- **WHAT YOU SHOULD DO**:
Each line of the data below from the one holding "Number two: pants" to the one holding "What impact do", inclusive, is to be reproduced exactly; no other line belongs in the answer.
+++ SUPPLIED MATERIAL +++
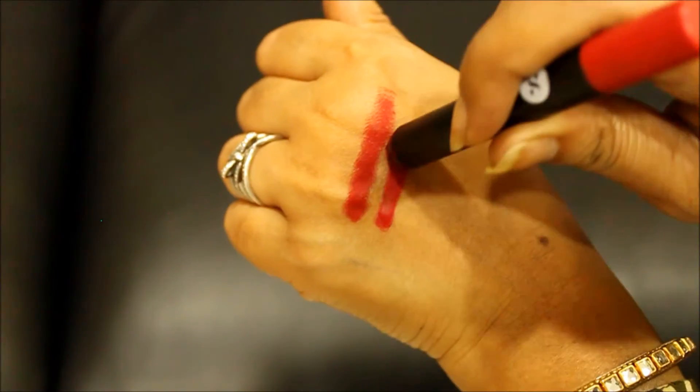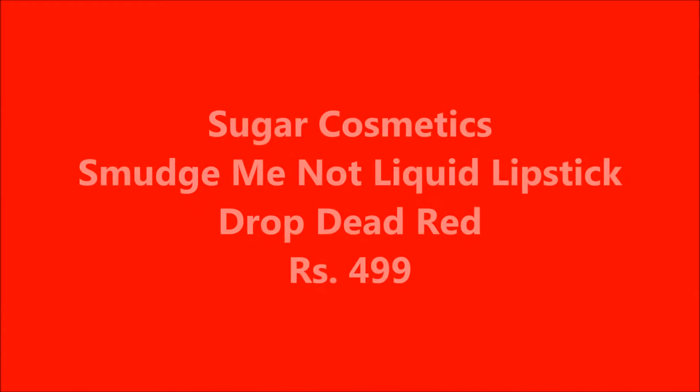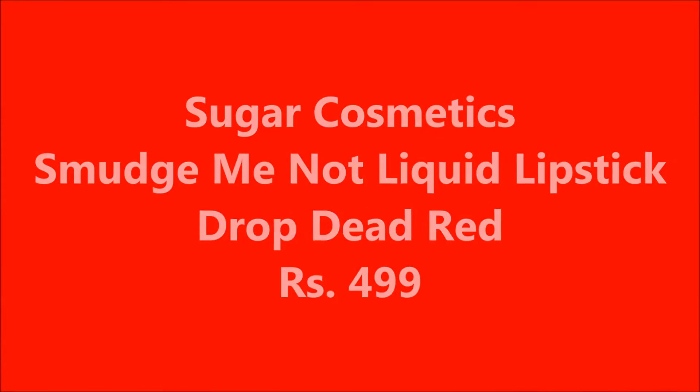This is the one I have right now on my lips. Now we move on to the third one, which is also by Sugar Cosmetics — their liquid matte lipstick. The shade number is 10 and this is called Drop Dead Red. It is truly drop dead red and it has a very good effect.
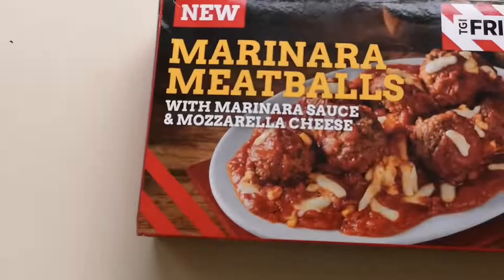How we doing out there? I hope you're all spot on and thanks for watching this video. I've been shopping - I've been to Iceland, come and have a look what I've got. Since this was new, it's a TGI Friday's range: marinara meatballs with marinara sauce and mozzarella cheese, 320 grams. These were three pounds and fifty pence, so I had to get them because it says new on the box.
+++
+++ SUPPLIED MATERIAL +++
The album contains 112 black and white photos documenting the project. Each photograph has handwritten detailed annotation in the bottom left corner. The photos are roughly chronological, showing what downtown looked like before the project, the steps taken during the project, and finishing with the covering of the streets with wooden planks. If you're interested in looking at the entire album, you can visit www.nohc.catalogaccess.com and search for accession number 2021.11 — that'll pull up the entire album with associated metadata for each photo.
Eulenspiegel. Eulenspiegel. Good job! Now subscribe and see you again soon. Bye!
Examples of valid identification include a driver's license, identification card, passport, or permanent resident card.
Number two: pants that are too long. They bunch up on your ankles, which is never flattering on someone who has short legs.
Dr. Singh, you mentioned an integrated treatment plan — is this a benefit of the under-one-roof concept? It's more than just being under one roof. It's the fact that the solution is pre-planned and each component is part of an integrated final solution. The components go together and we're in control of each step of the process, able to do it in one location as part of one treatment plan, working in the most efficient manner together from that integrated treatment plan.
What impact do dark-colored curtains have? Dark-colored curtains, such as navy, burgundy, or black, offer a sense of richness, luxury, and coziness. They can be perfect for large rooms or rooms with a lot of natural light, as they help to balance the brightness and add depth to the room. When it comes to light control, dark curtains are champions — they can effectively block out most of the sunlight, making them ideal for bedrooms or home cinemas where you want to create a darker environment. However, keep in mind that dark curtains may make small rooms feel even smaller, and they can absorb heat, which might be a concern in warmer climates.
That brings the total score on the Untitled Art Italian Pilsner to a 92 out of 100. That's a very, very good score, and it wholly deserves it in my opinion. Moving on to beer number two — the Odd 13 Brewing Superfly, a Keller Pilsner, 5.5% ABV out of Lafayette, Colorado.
+++
+++ SUPPLIED MATERIAL +++
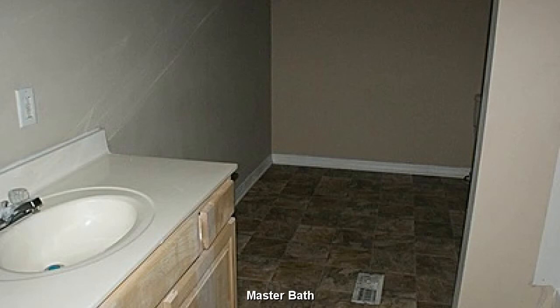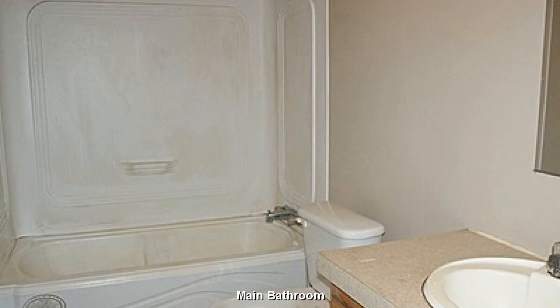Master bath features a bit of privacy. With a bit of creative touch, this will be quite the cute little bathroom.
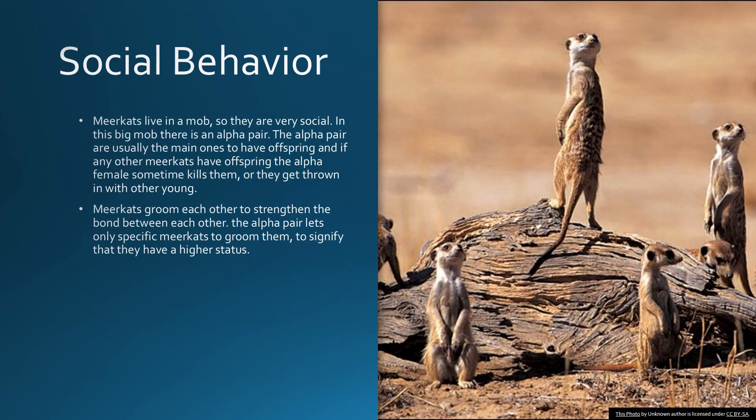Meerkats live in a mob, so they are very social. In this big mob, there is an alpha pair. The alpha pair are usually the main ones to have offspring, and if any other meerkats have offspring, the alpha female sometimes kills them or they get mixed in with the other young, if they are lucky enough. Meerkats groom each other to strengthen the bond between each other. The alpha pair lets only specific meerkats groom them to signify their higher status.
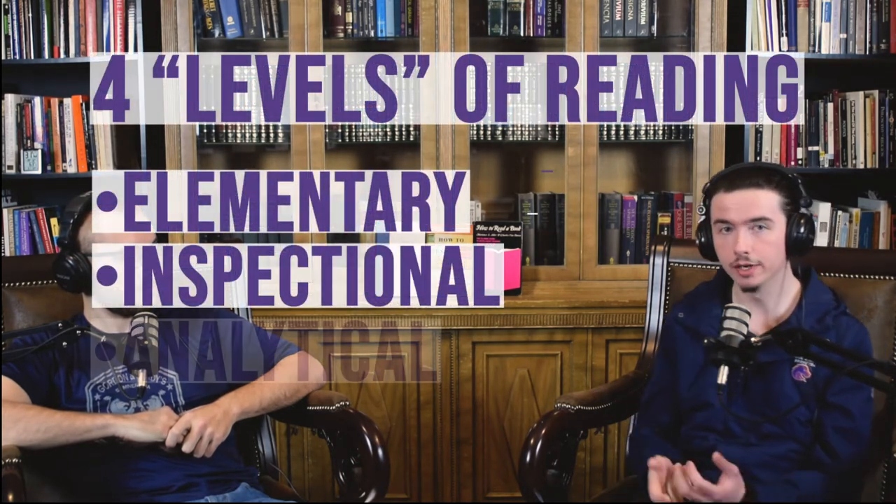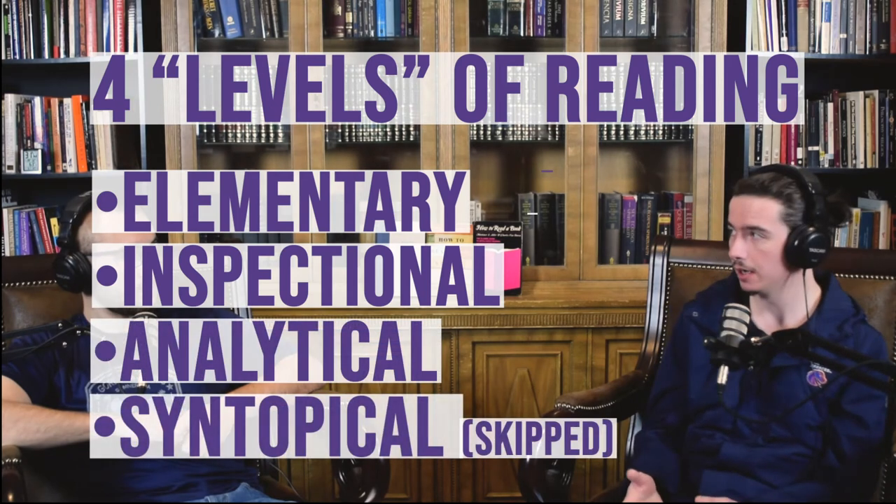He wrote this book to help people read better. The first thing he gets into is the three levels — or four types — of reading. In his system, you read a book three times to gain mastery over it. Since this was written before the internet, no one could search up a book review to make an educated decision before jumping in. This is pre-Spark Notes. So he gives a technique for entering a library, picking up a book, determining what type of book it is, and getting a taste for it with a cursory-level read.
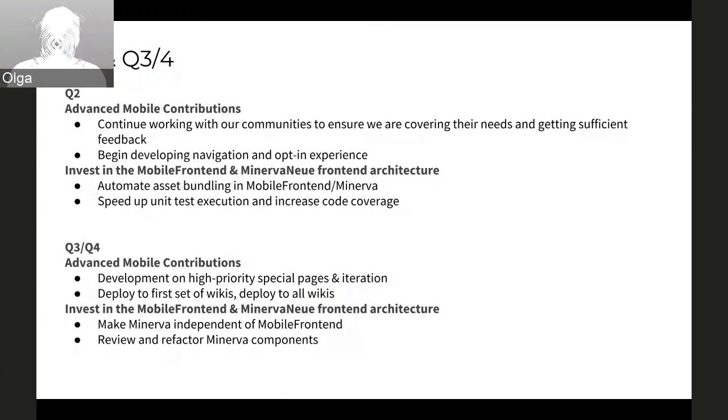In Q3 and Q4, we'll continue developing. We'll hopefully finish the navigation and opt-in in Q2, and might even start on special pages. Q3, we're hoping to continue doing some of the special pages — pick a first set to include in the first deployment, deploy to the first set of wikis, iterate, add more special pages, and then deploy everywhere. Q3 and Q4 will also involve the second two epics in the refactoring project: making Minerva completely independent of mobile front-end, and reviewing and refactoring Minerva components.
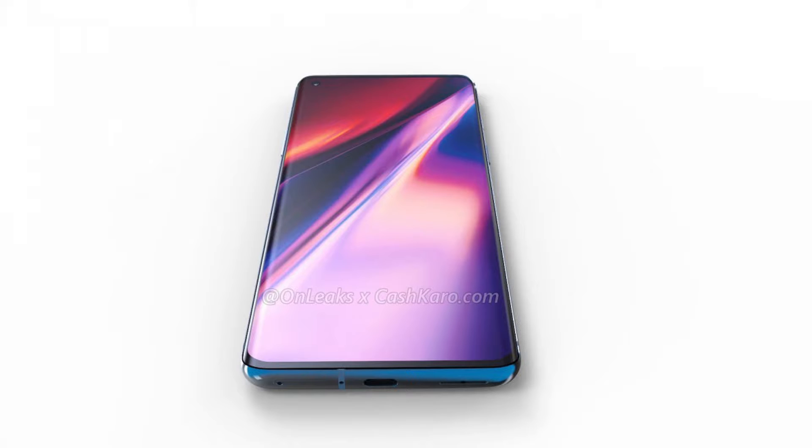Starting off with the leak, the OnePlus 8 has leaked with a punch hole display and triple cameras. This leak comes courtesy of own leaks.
+++
- **OUTPUT**:
Number two: pants that are too long. They bunch up on your ankles, which is never flattering on someone who has short legs.
Dr. Singh, you mentioned an integrated treatment plan — is this a benefit of the under-one-roof concept? It's more than just being under one roof. It's the fact that the solution is pre-planned and each component is part of an integrated final solution. The components go together and we're in control of each step of the process, able to do it in one location as part of one treatment plan, working in the most efficient manner together from that integrated treatment plan.
What impact do dark-colored curtains have? Dark-colored curtains, such as navy, burgundy, or black, offer a sense of richness, luxury, and coziness. They can be perfect for large rooms or rooms with a lot of natural light, as they help to balance the brightness and add depth to the room. When it comes to light control, dark curtains are champions — they can effectively block out most of the sunlight, making them ideal for bedrooms or home cinemas where you want to create a darker environment. However, keep in mind that dark curtains may make small rooms feel even smaller, and they can absorb heat, which might be a concern in warmer climates.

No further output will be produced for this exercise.